Environment Minister Jane Davidson will today officially open Tywyn’s new Atkins-designed Tywyn Coastal Defence Scheme.

The £7.6M scheme provides protection along the 1.8km coastal frontage of the North Wales town of Tywyn, where more than 70 properties had been at risk of flooding, particularly during stormy weather.

Since the Victorians built the first sea wall and promenade, beach levels have reduced and flooding and damage from coastal storms has become more frequent and severe.

The Welsh Assembly Government provided funding of £4.1M and £3.5M came from the European Regional Development Fund. Construction began in 2009.

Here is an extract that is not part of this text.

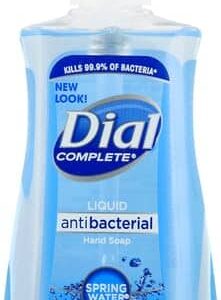 Dial Complete Antibacterial Liquid Hand Soap, Spring Water, Blue, 7.5 fl oz (Pack of 1) - Image 2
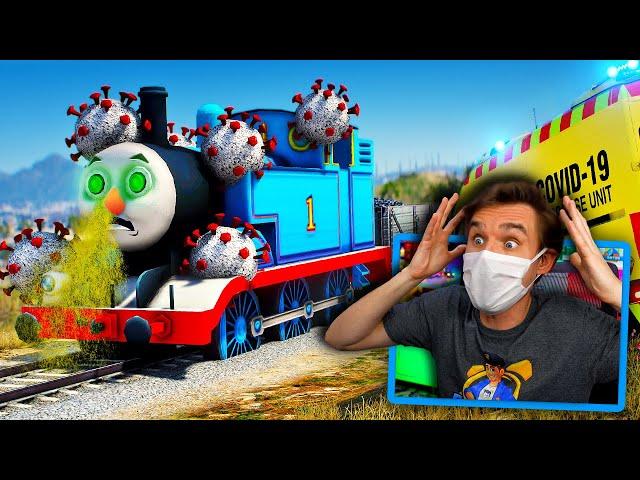 In GTA 5.. Thomas the Tank Engine got CORONAVIRUS! We gotta HELP HIM! (OMG!)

Atkins principal engineer Rob Morgan said: “Over the past 15 years, Gwynedd Council has considered a number of flood protection options and have sought suitable funding and looked for a scheme that was in-keeping with the character of the town’s Victorian promenade, which was constructed in the 1890s.

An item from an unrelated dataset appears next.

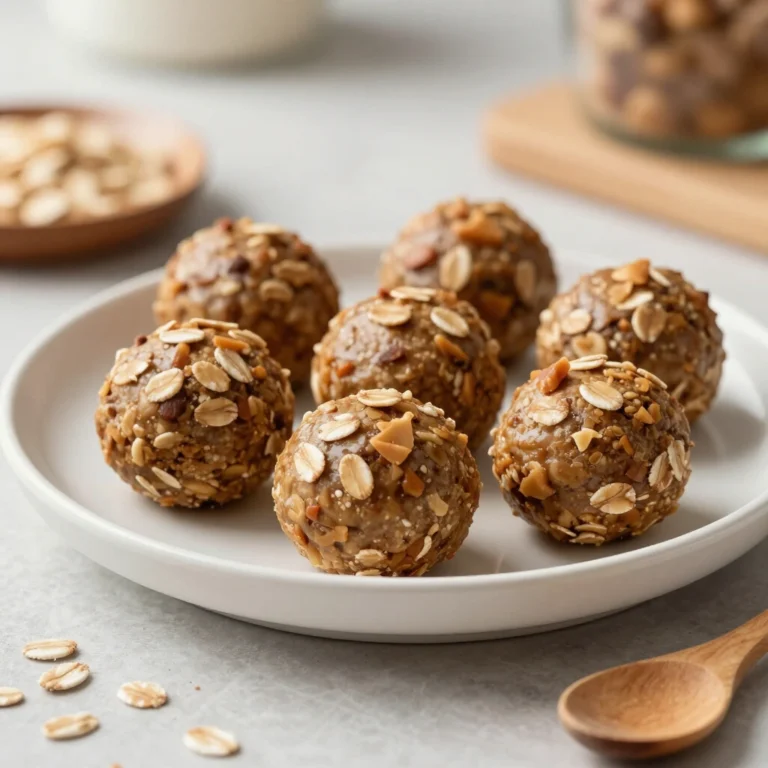 Oatmeal Peanut Butter Protein Balls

“Atkins designed this scheme to be sensitive to its character and heritage and to not cause any secondary impacts further along the coastline.”

The design involved the construction of a new large rock breakwater located above low tide level − designed to break waves and mitigate overtopping at the sea wall − rock groynes and a rock revetment to protect the town.

The scheme also included replacement of the timber groynes, a new concrete stepped revetment to the base of the Victorian promenade, sea wall repairs and other associated improvements.

Some 51,000t of rock was used for the defences, sourced locally from nearby Penmaenmawr and Minffordd as well as from St. Malo, Brittany.

Davidson said: “I am delighted to officially open this coastal defence scheme which will protect properties and support the town’s economy.

“If we are to adapt successfully to climate change, the way we manage our shores and rivers will be critical. Projects such as this do just that and help protect the local area, homes, businesses and jobs.

“Sustainable development is enshrined in all the Assembly Government does and I am delighted that this defence scheme has had minimal impact on key areas of Tywyn beach. At the same time it incorporates structures that can be adapted as impacts of climate change are realised.”

Gwynedd Council’s portfolio leader for consultancy (major construction projects) Arwel Pierce said: “This is a historic day for the Tywyn area. As a Council, we are delighted to see this long-awaited and important project completed for the benefit of local residents.

“New coastal defences are vitally important to protect homes and businesses − indeed we estimate that this project will reduce the risk of annual flooding for around 80 properties in the area, as well as guaranteeing the long-term sustainability of the area’s important tourism industry.”